Sorry I didn't mean to come off like an arse. I have seen a lot of people come through and ask for advice on big projects and they are completely clueless of the scope of the project. It does sound like you have been given plenty of time to research. My advice, which you are looking for, was for your employer to go through an outside vendor which usually costs more upfront but is less expensive years down the road. You did say you are getting a survey done so that will be immensely helpful. In six months if the project seems like it is getting over your head see if you can hire a consultant. After all, if it is going to take a full year to plan this out it is going quite a bit of time implementing and troubleshooting and finally managing and upgrading. This is just from my IT experience.


----------



## RCoon (Apr 29, 2014)

Easy Rhino said:


> Sorry I didn't mean to come off like an arse. I have seen a lot of people come through and ask for advice on big projects and they are completely clueless of the scope of the project. It does sound like you have been given plenty of time to research. My advice, which you are looking for, was for your employer to go through an outside vendor which usually costs more upfront but is less expensive years down the road. You did say you are getting a survey done so that will be immensely helpful. In six months if the project seems like it is getting over your head see if you can hire a consultant. After all, if it is going to take a full year to plan this out it is going quite a bit of time implementing and troubleshooting and finally managing and upgrading.

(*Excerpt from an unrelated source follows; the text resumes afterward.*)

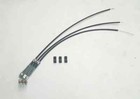 <!--F#f_0-->HOLDEN LC LJ TORANA GTR CHOKE LINKAGE XU1 3 CARBS WTH FRT CABLES & CLIPS<!--F/-->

This is just from my IT experience.


 
At this stage my boss wants me to evaluate the 6 companies and what they have to offer, then in a few months time after I've tested their kit (and tested their customer service experience), we're going to knock it down to two companies, and ask them for their quotes, their gear, their costs, etc, and evaluate further from there. Once we have a winner in terms of services provided, we'll get the actual project done.


----------



## brandonwh64 (Apr 29, 2014)

sorry it took so long but here is the layout of the college UniFi setup we have.


----------



## remixedcat (Apr 29, 2014)

Thing is... How fast is ubiquity to respond when issues arise or you got to RMA something?? I hear they are forum support only is this correct??


----------



## RCoon (May 2, 2014)

Small update from after having run tests on the Aruba AP

*3GB single file

AP225 (.11N / AC)

Peak: 5ft / 5ft
Link speed - 780Mbps / 180Mbps
Peak transfer - 23.1MBps / 12.5MBps
Utilization - 30% / 75%

Worst: 60ft / 140ft
Link speed - 60Mbps / 26Mbps
Peak transfer - 4.64MBps / 2.6MBps
Utilization - 33% / 26%
Max Distance - 60ft / 140ft

Further than ~140ft caused a disconnection from the wireless or unusable network connection. When I was using an AC device, it would switch from AC to N at around 60ft, and as such gain a higher link speed up to around 300mbps, but it seemed to have some issue where when it switched to the N band but didn't go much farther.*

It's also worth noting the Aruba instant access management on the independent device is pretty awesome. The cloud management console is quite delayed though, and can take up to two minutes to display what just happened. Waiting on our retailer to provide us with a 90 day evaluation on the Aruba AirWave software so we can try that out as a management method on a virtual machine onsite.


----------



## remixedcat (May 2, 2014)

Is the instant access software as detailed as the Meraki?


----------



## RCoon (May 2, 2014)

remixedcat said:


> Is the instant access software as detailed as the Meraki?


 
Instant access is not as detailed the the Meraki cloud-based solution, as it's locally on the AP itself, but the Aruba Central (their cloud based solution) is on par with meraki's cloud. Same options, same data, but a different layout. Meraki's cloudbased management is far tighter in terms of timings, you can see updates to your wireless situation and data within 5 seconds, whereas Aruba Central is quite heavily delayed. I'll wait to get hold of the Aruba Software management solution and give some more feedback on the update timings.


----------



## remixedcat (May 2, 2014)

Does the stuff like VLANs and the captive portals act the same???


----------



## RCoon (May 2, 2014)

remixedcat said:


> Does the stuff like VLANs and the captive portals act the same???


 
IDD, the Meraki AP's also come with a clever little clip mount designed especially so you can literally slide the AP onto any existing suspended ceiling without having to drill holes. It does not however have the specific Layer filtering options Meraki has, but we're not looking for any kind of filtering, because we have a rather expensive hardware filter. Both the Meraki and Aruba AP's picked up 5 rogue access points, so that feature works well on both, considering I can't actually connect any devices to more than 3 different local AP's.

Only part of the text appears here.